### To do
Transcribe exactly, and without pictures, only the lines from the one bearing "Show webcam de Pitercom" through the final line of the data below.

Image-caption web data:
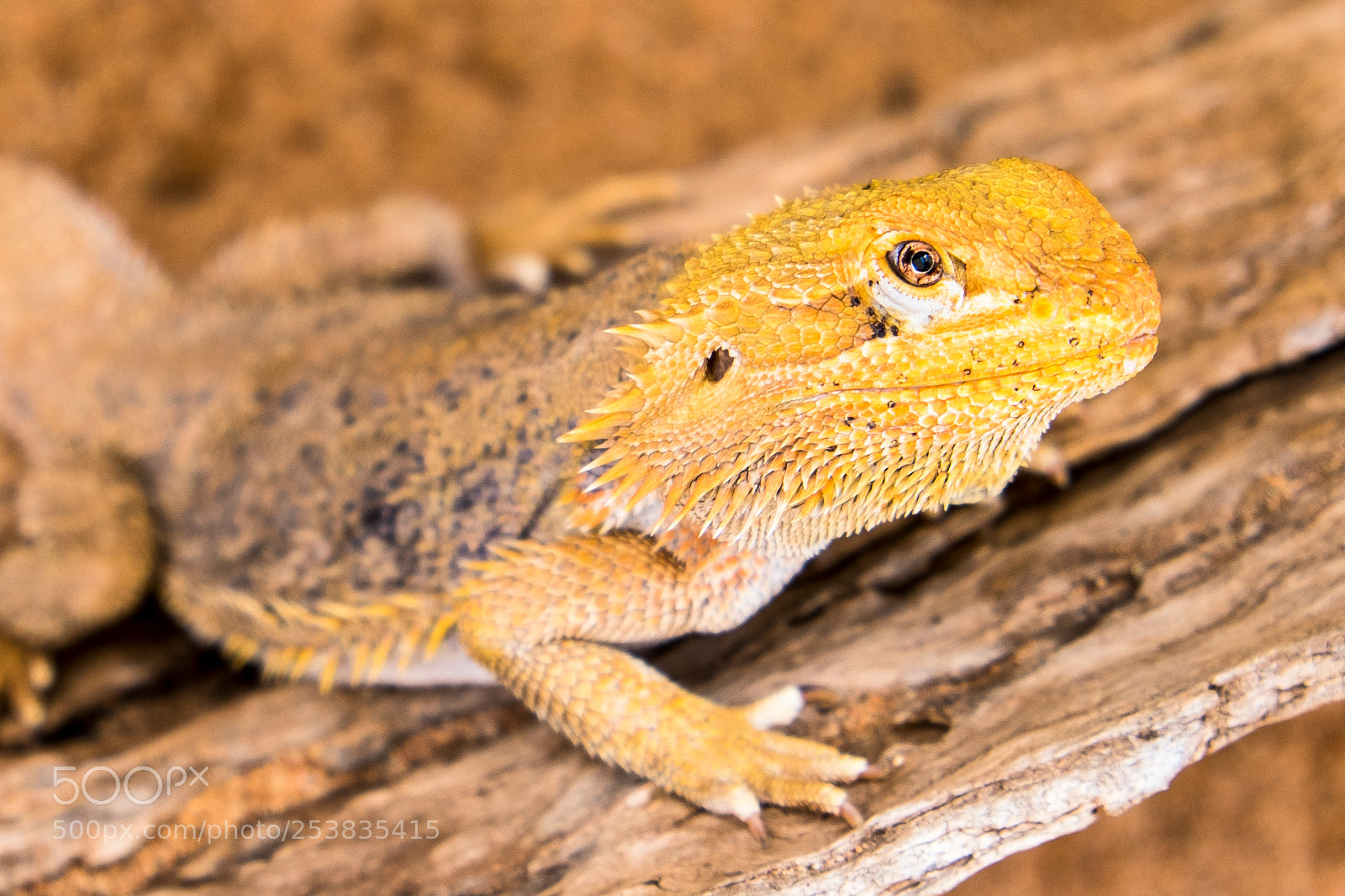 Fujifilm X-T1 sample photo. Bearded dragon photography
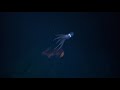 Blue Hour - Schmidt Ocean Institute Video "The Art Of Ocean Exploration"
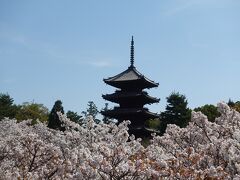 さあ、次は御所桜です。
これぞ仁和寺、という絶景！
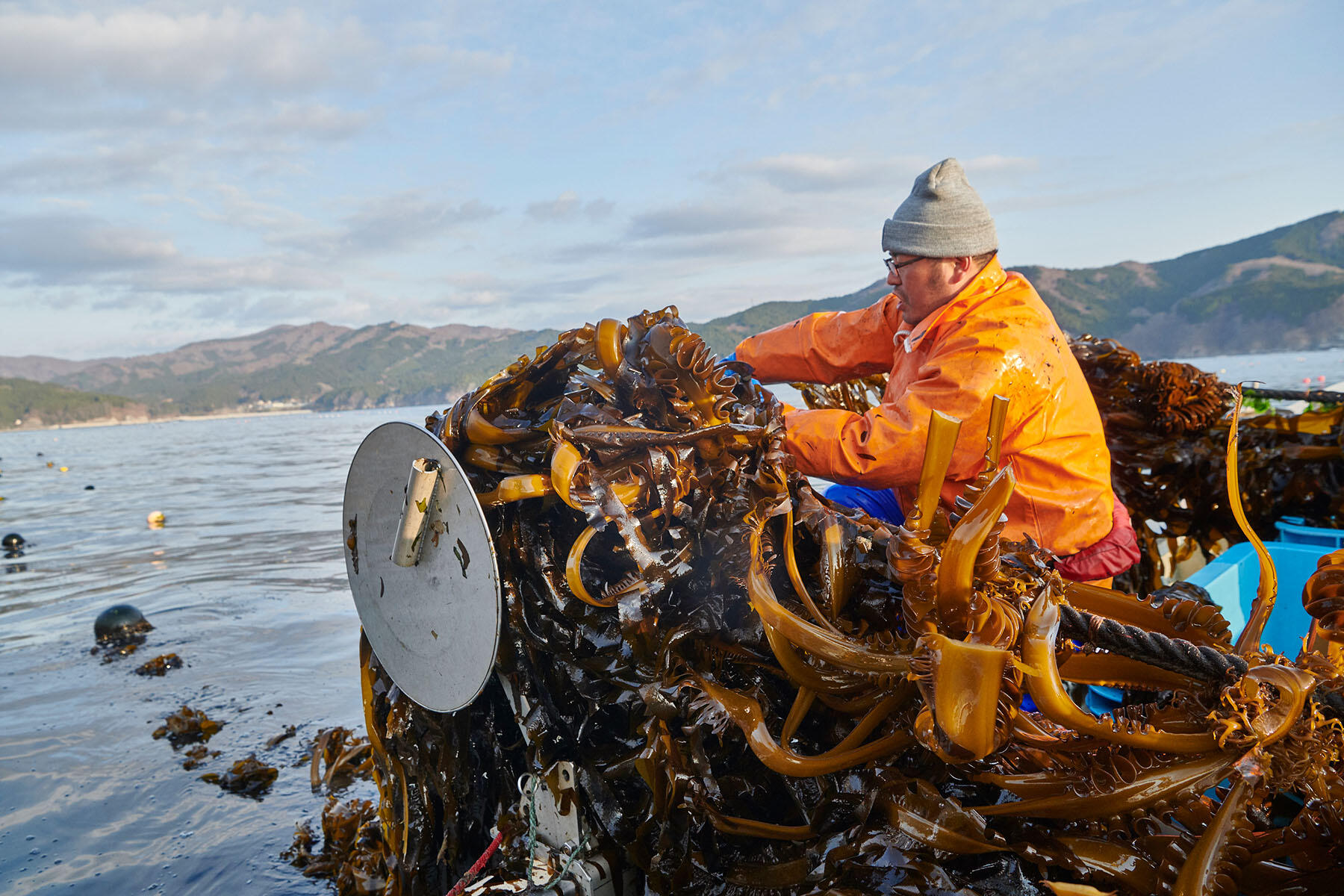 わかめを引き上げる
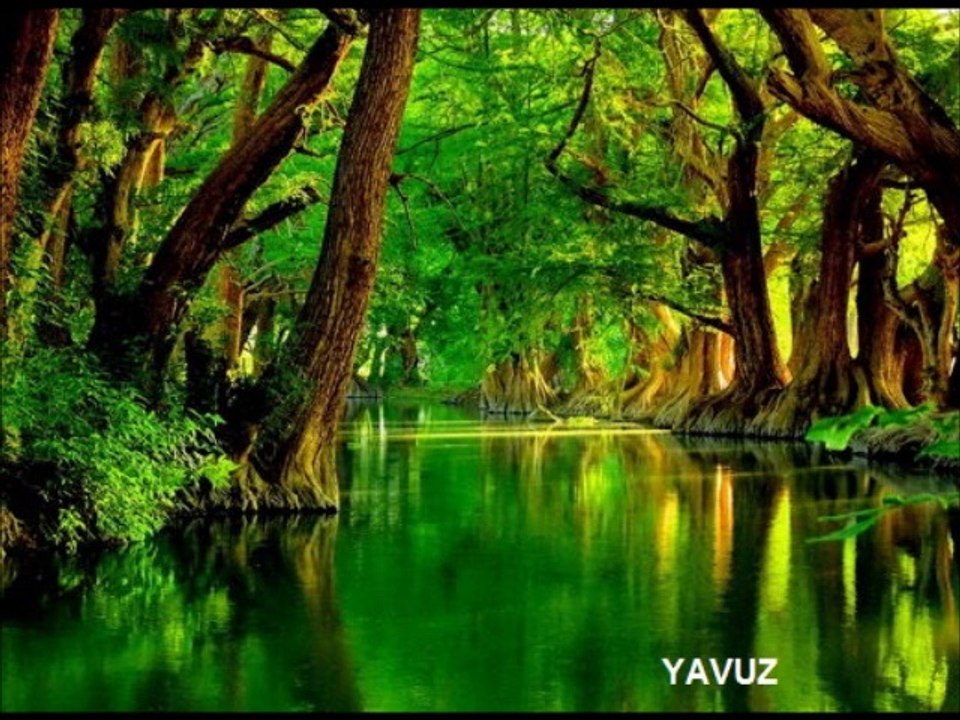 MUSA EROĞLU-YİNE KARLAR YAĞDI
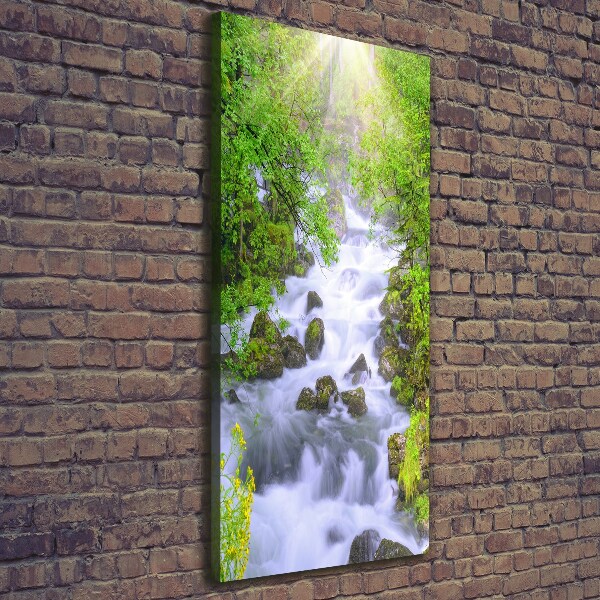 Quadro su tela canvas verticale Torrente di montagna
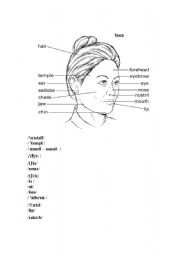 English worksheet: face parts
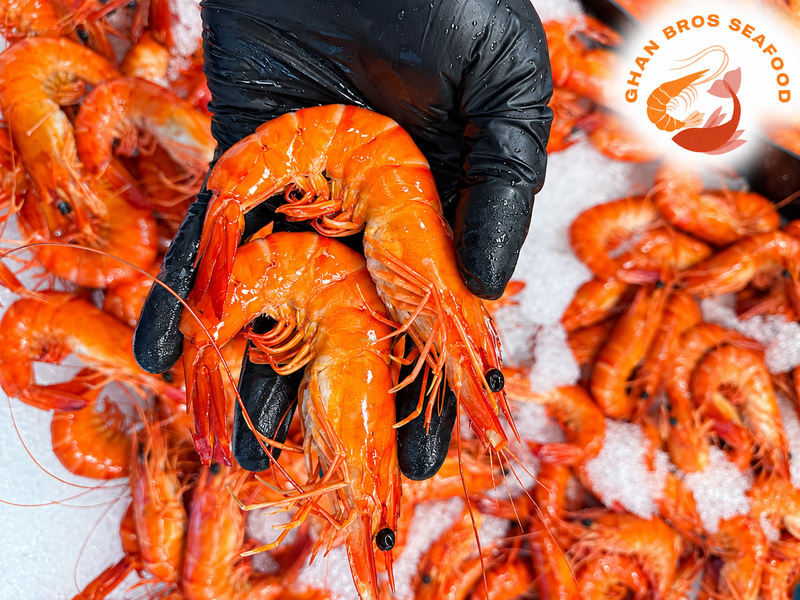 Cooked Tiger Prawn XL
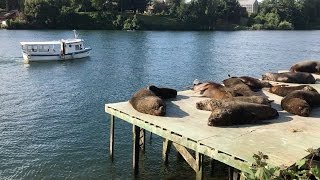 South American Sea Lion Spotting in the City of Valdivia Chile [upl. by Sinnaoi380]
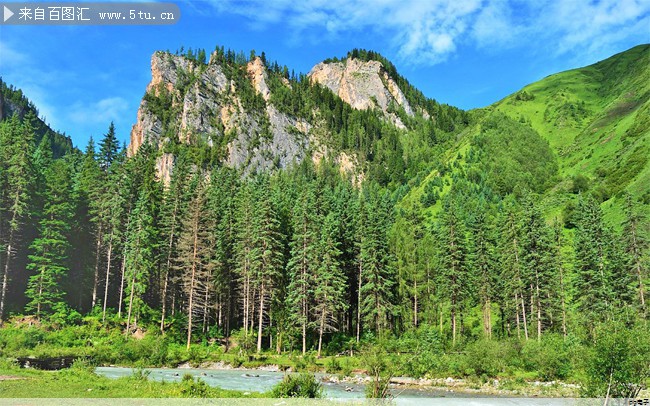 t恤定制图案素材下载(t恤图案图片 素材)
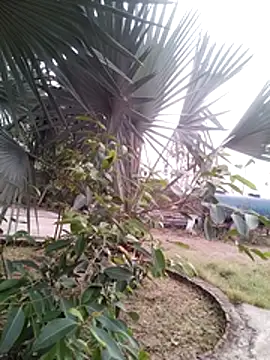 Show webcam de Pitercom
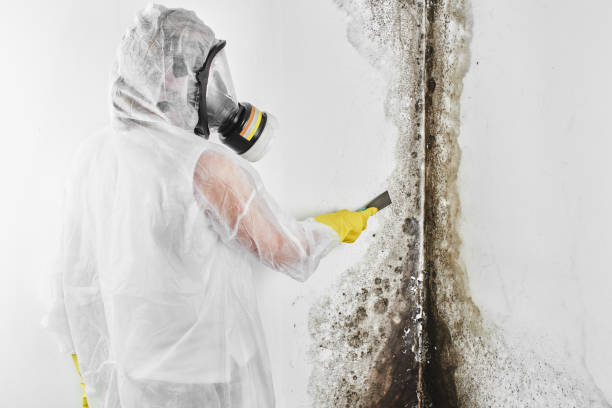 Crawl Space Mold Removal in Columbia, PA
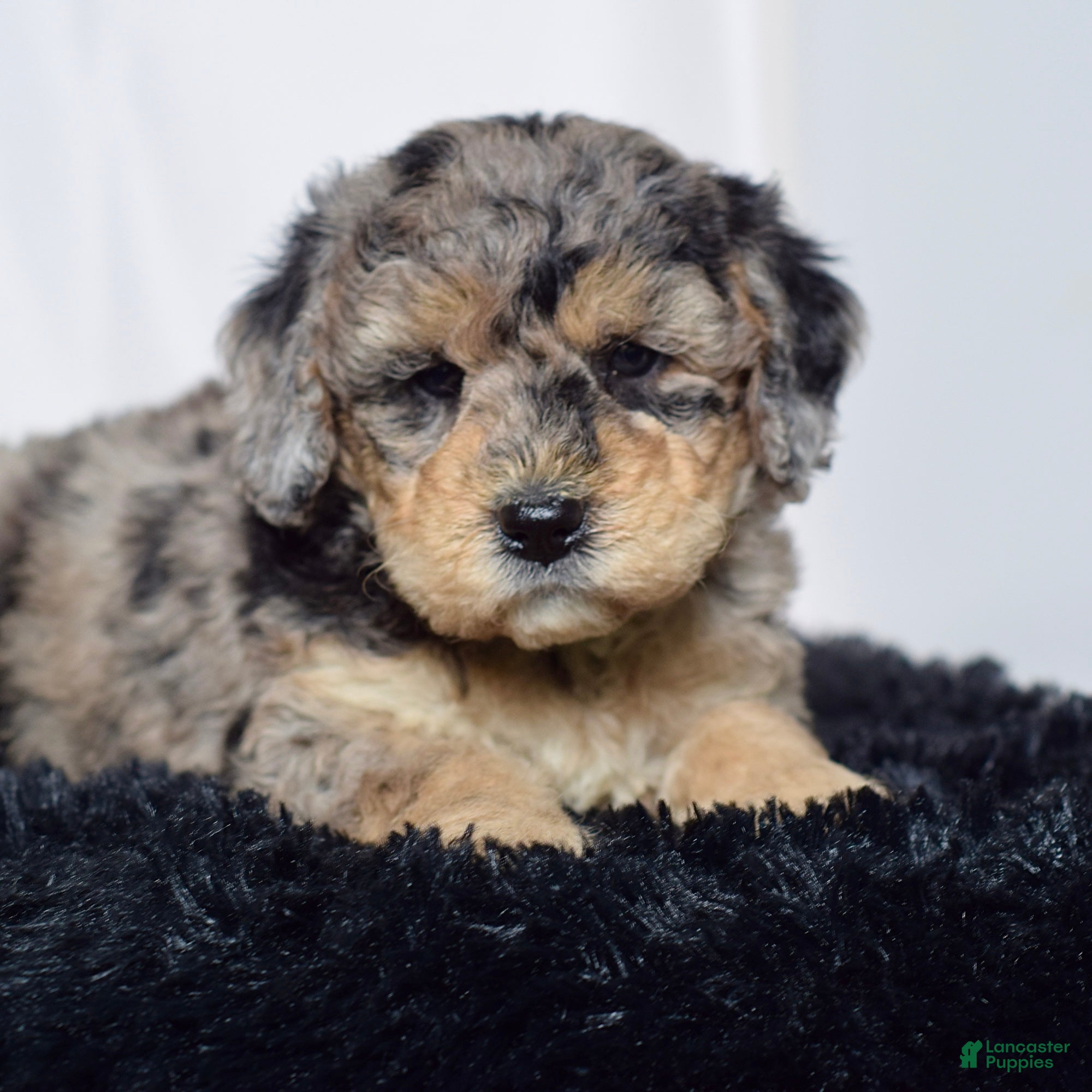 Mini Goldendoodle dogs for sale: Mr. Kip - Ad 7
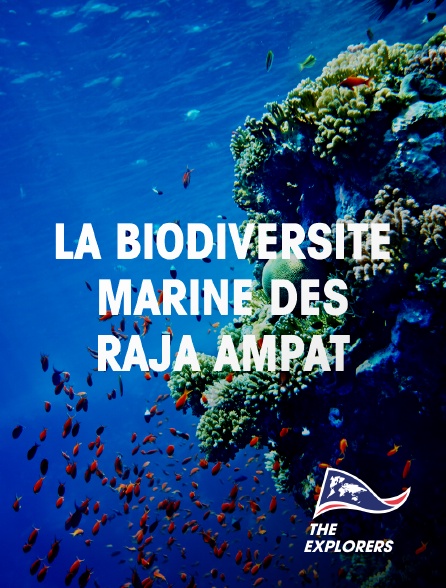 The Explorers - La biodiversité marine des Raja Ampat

### Solution below
 Show webcam de Pitercom
 Crawl Space Mold Removal in Columbia, PA
 Mini Goldendoodle dogs for sale: Mr. Kip - Ad 7
 The Explorers - La biodiversité marine des Raja Ampat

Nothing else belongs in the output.